#### [Source material]

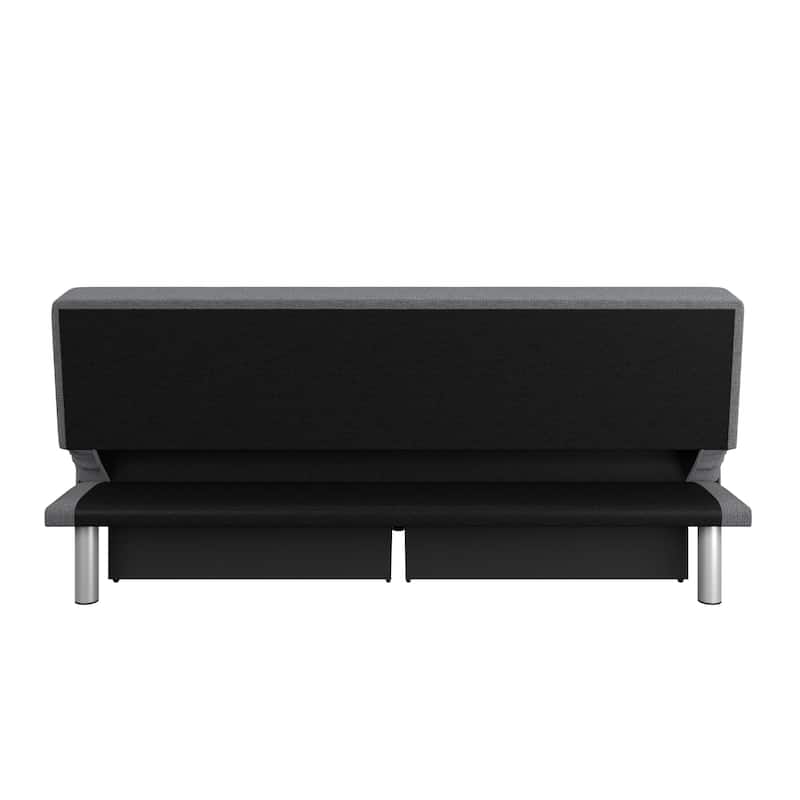 Serta Wilton Dream Convertible Sleeper Sofa with by iLounge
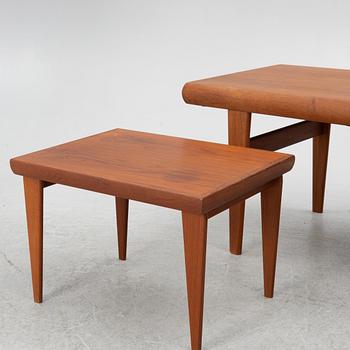 Johannes Andersen, tillskrivet, soffbord, 1900-talets mitt.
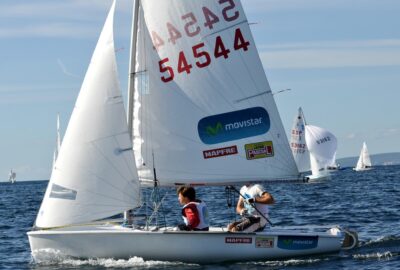 MUNDIAL 420. OTRA BUENA JORNADA PARA LOS ESPAÑOLES.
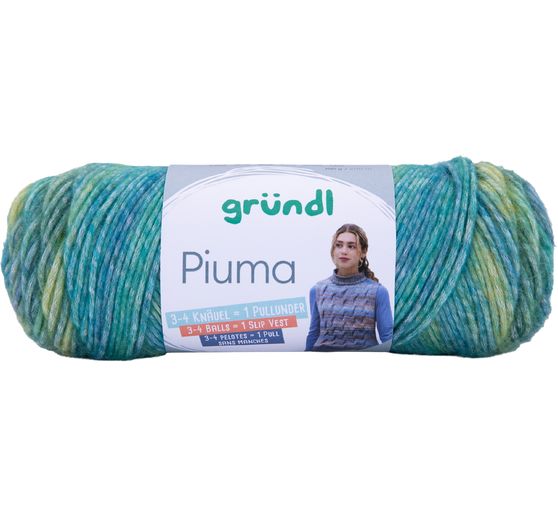 Gr&uuml;ndl wool "Piuma"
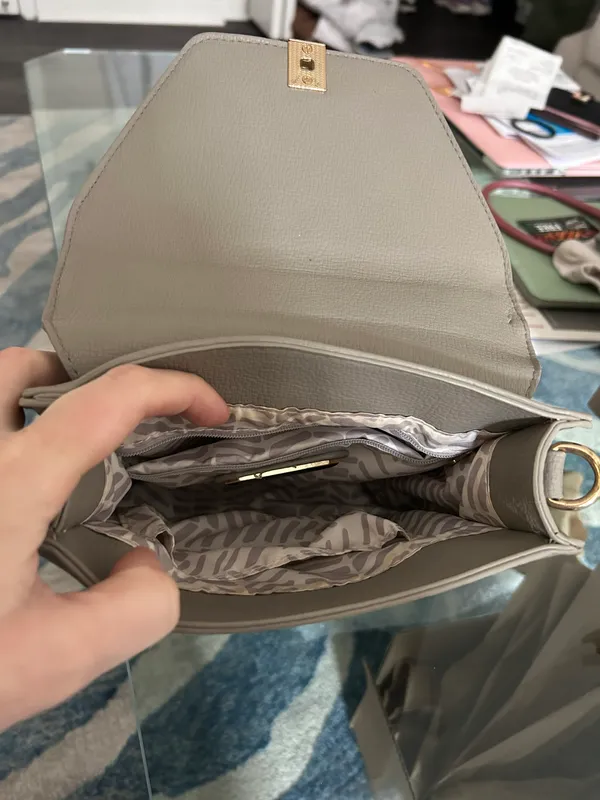 Gray Mini Purse - Image 8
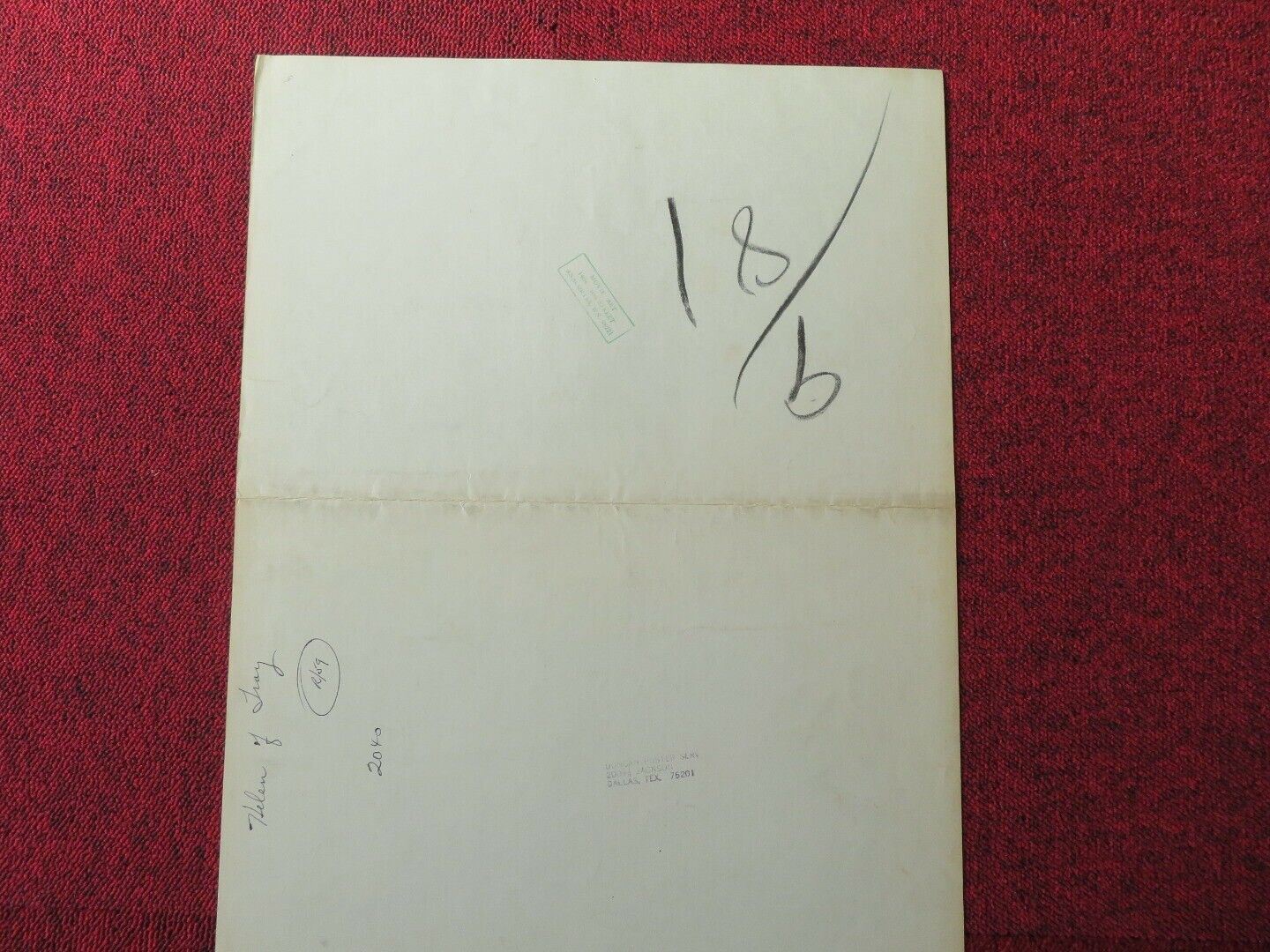 HELEN OF TROY US INSERT (14"x 36") POSTER ROSSANA PODESTA 1959 Movie posters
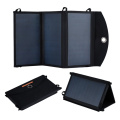 20W Solar Power Bank Charger mit 2 * 2.4A Dual USB Ports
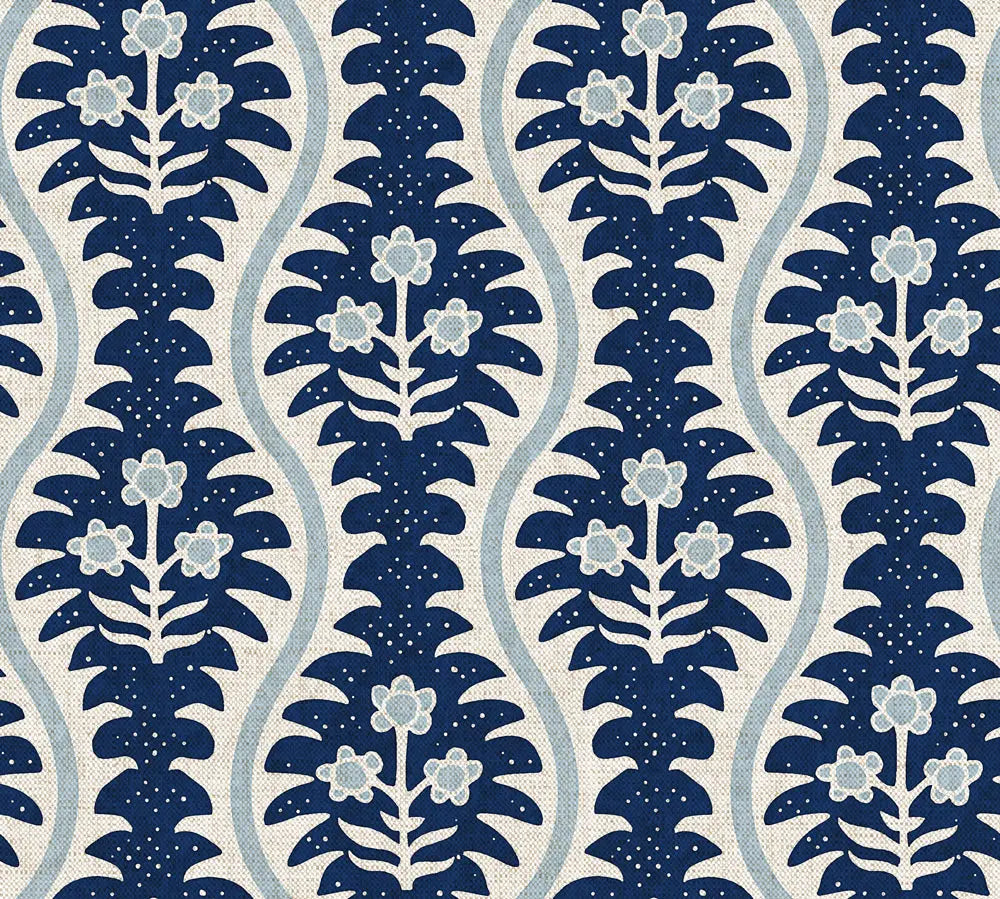 Recycled Cotton Linen Fabric | 90% Recycled Cotton 10% Organic Linen 243gsm 55" (140cm) Wide Printed Fabric â€“ Sold by the Meter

#### [Problem requirements]
A faithful, word-for-word copy of the data is needed; the pictures should not appear in it.

#### [Problem solution]
 Serta Wilton Dream Convertible Sleeper Sofa with by iLounge
 Johannes Andersen, tillskrivet, soffbord, 1900-talets mitt.
 MUNDIAL 420. OTRA BUENA JORNADA PARA LOS ESPAÑOLES.
 Gr&uuml;ndl wool "Piuma"
 Gray Mini Purse - Image 8
 HELEN OF TROY US INSERT (14"x 36") POSTER ROSSANA PODESTA 1959 Movie posters
 20W Solar Power Bank Charger mit 2 * 2.4A Dual USB Ports
 Recycled Cotton Linen Fabric | 90% Recycled Cotton 10% Organic Linen 243gsm 55" (140cm) Wide Printed Fabric â€“ Sold by the Meter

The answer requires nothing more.